Dysbiosis is now frequently identified as a significant aspect of disease, and some researchers are interested in "whole body dysbiosis". A reductionist lens is typically applied, so that laboratory findings of dysbiosis trigger, for instance, recommendations for prebiotic and probiotic treatments.

Some human microbiome researchers are increasingly concerned that the concept of dysbiosis is based on an outdated assumption of a normative, categoriseable eubiotic state. Human microbiomes are not able to be definitively taxonomically categorized due to their astonishing complexity, and are highly variable between individuals and within the one individual over time.

  • Some researchers argue that a focus on cataloguing microbiomes will yield little extra clinical advantage.

  • Microbial diversity is not always associated with improved health, as is currently assumed.
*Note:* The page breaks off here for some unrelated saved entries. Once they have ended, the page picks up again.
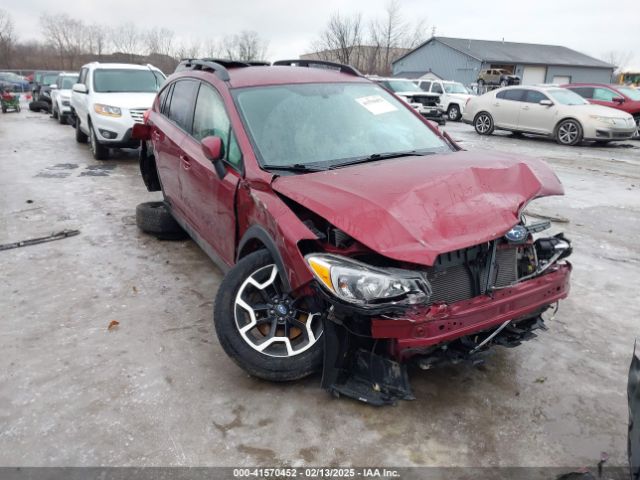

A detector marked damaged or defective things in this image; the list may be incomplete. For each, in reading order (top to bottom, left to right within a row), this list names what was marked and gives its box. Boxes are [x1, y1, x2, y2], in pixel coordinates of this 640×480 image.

crumpled hood [272, 151, 564, 266]
broken headlight [304, 253, 430, 306]
damaged front end [308, 221, 572, 404]
detached front bumper [372, 262, 572, 360]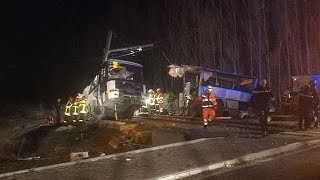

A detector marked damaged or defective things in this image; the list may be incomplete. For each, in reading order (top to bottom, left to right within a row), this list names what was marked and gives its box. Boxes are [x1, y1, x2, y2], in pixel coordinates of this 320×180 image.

wrecked bus [83, 59, 147, 120]
wrecked bus [169, 64, 258, 116]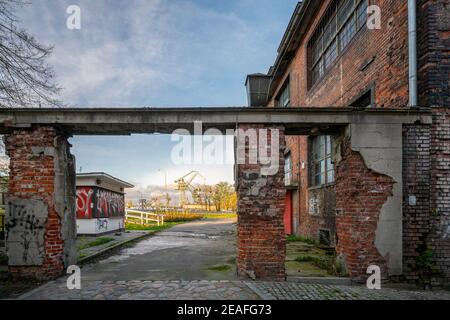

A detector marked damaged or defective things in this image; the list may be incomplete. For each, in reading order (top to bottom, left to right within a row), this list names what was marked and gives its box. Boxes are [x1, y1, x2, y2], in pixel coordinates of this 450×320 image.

broken brick detail [236, 124, 284, 280]
broken brick detail [334, 136, 394, 278]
  • Researchers have hypothesised that a fluctuating and dynamic microbiome reduces the probability of a specific organism assuming control and makes it easier for the immune system to control the environment. For example, chronic diabetic foot ulcers with a fluctuating microbiome had a higher probably of healing compared to those with a less varied and less fluctuating microbiome. If the microbiome stopped changing, the wound remained non-healing.
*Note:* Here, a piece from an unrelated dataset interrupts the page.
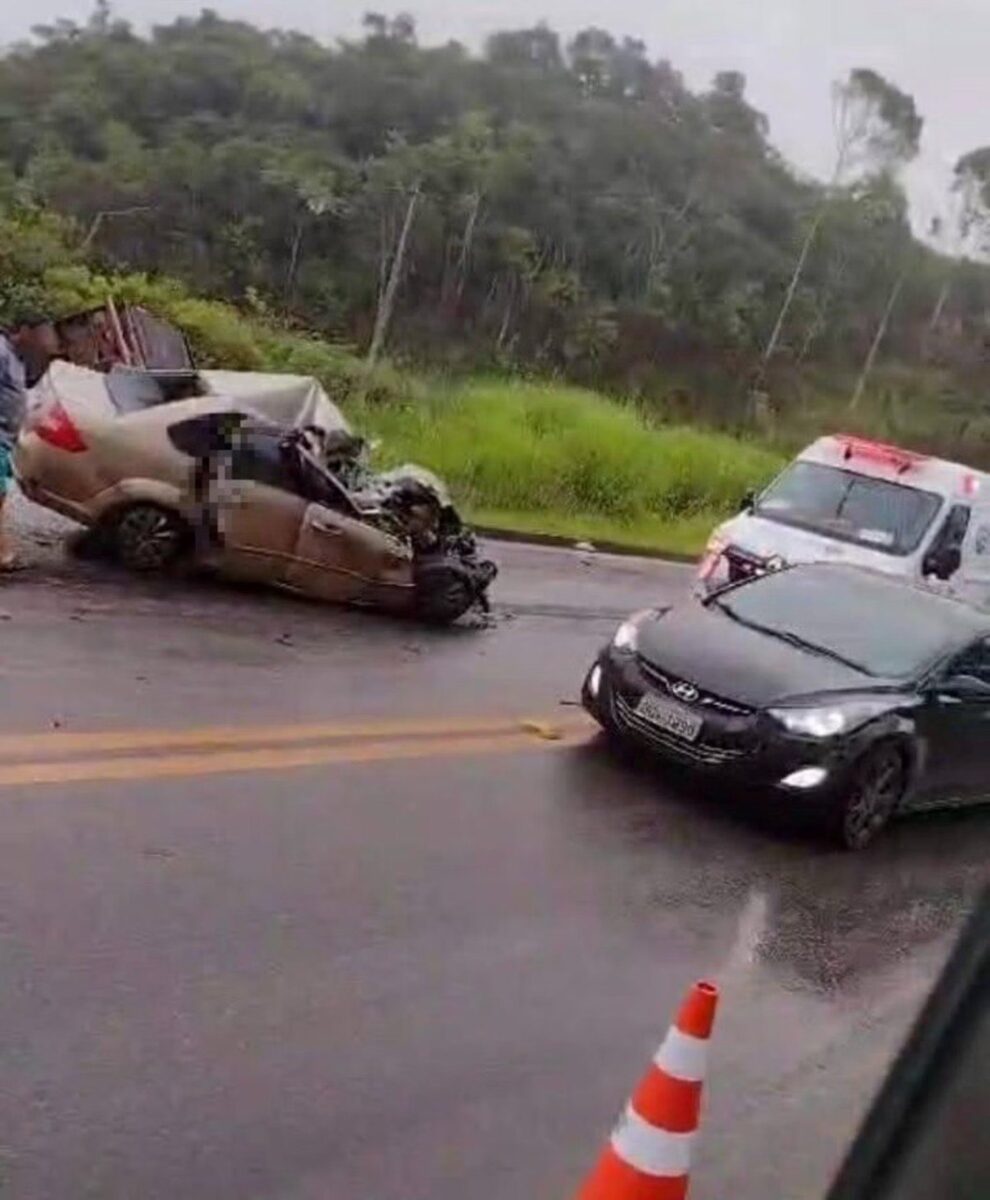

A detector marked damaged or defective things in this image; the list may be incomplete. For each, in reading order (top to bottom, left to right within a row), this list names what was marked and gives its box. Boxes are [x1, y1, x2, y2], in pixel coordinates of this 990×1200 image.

  • The pathway from dysbiosis to pathology typically involves multiple host vulnerabilities and environmental triggers, complicating causal connections derived from observational data. The wide variety of factors associated with clinically relevant microbiome imbalance (or dysbiosis, or infection) — like virus-triggered chronic allergic inflammation in chronic rhinosinusitis, or host predispositions and obstetric risks linked to vaginal microbiota changes — argues against simplistic, dysbiosis-centric etiological models.

NDC advocates for a biological systems perspective on dysbiosis

For these reasons, NDC advocates for a more systems-oriented perspective on how microbial balances (or imbalances) interact with host biology. The NDC Clinical Guidelines for Breast Inflammation draw upon the work of microbiome researchers who argue that 'dysbiosis' is most accurately used to refer to a host-microbiome interaction which is consistently linked with suboptimal clinical presentations and outcomes (rather than to lists and comparisons between the myriad kinds of micro-organisms comprising a microbiome).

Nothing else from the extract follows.